“Grounded” – Divola, Crosher at ESMoA
“Grounded,” with photographers John Divola and Zoe Crosher at ESMoA
by Bondo Wyszpolski
In the old days, if you backed Dad’s car into a fire hydrant or flunked an easy math quiz, your parents might have “grounded” you for a few days. Or, if there was heavy fog and icy weather, flights were “grounded” until further notice. But “grounded” has another meaning at ESMoA, and it’s our job to figure out what it is. I’m referring to the title of the El Segundo museum/art lab’s newest exhibition, featuring two bodies of work, one by Zoe Crosher and the other by John Divola. Both L.A.-based photographers have earned a name for themselves, and the show, up through Sept. 22, is curated by Colin Westerbeck, who not incidentally is himself renowned and respected. Perfectly different
“Grounded” features a wall-length portfolio of photographs depicting airplanes about to land at LAX, taken from inside hotel rooms along Century Boulevard. These are the works of Zoe Crosher, and they’re somewhat reminiscent in theme of Ed Ruscha’s “Every Building on the Sunset Strip” or “Twentysix Gas Stations.”
The other wall-length portfolio shows busted-up houses, doors knocked askew as if someone has forcefully broken in.
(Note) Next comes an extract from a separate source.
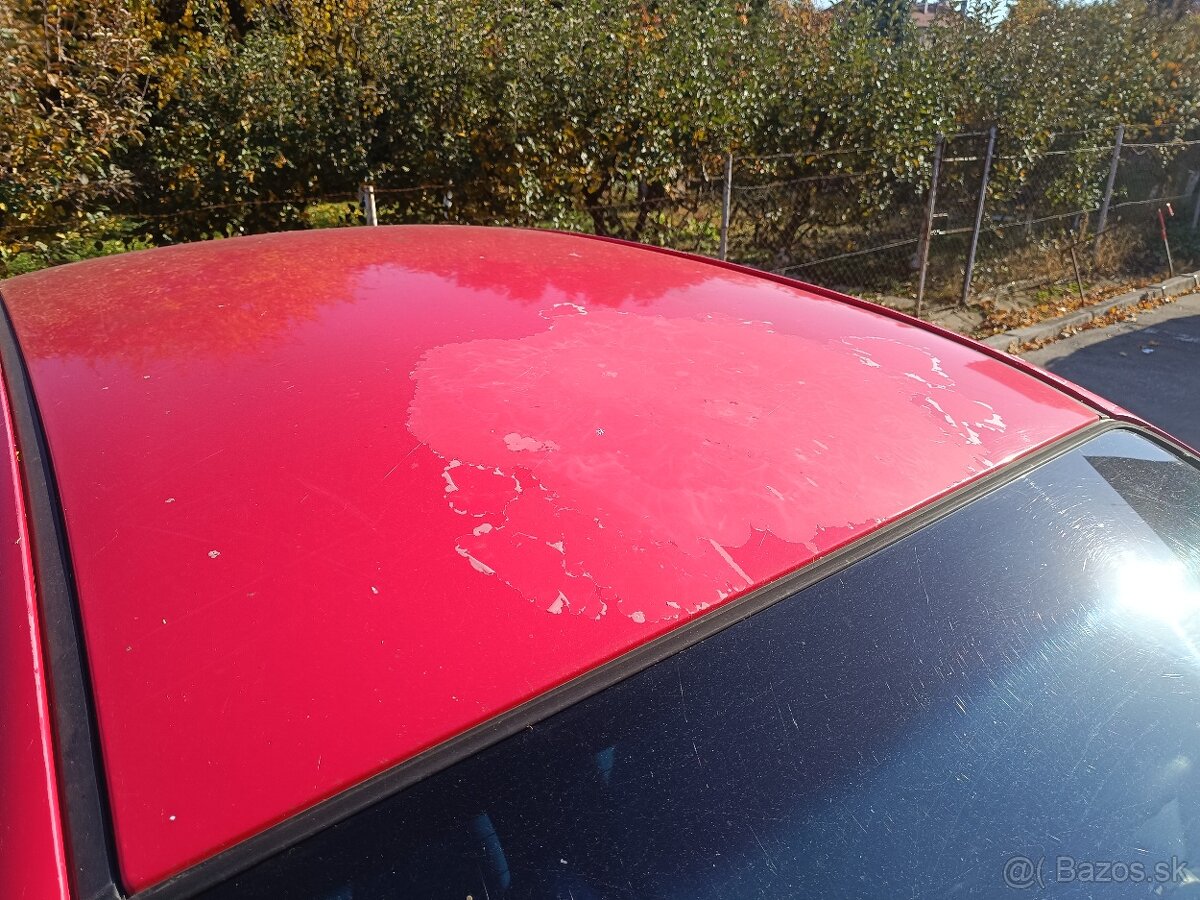 Chevrolet Lacetti - 4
And in most cases that was what had happened. These were shot by John Divola in the mid-1970s, which is to say a little over 40 years ago or, to put it another way, at about the time Crosher was being born.
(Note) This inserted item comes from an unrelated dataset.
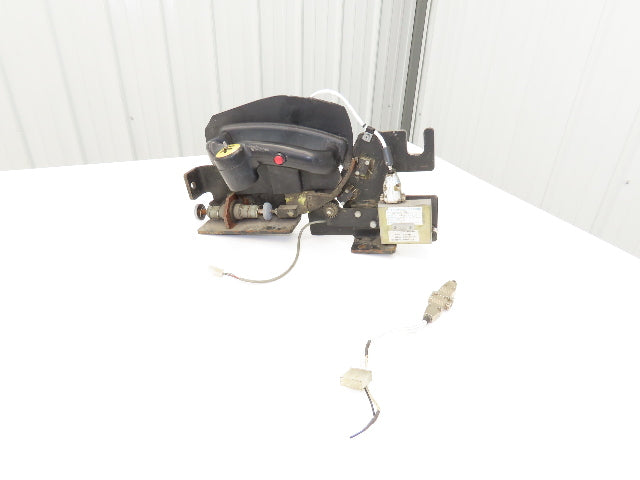 Hyster 2015095 Electric Forklift Handle Controller Assembly Off Of N40 XMR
Colin Westerbeck has been around the block a few times. From 1986 to 2003 he was the Curator of Photographs at the Art Institute of Chicago. Later on he taught photography at UCLA and USC and wrote a column for the L.A. Times. From 2008 to 2011 he was the Director of the California Museum of Photography at UC Riverside. He’s also the author, with Joel Meyerowitz, of “Bystander: The History of Street Photography.”
“I had lived in New York for 20 years,” he says, standing outside of ESMoA on the opening night of “Grounded,” “and then I moved to Chicago and lived there another 20 years. And I thought, What the hell? I’ll go to Los Angeles. Maybe I’ll live another 20 years…”
And? “Except for a period of three years when I ran the museum at UC Riverside, I’ve never had a full-time job, but it’s been great. I’ve done all kinds of things that are wonderful here.”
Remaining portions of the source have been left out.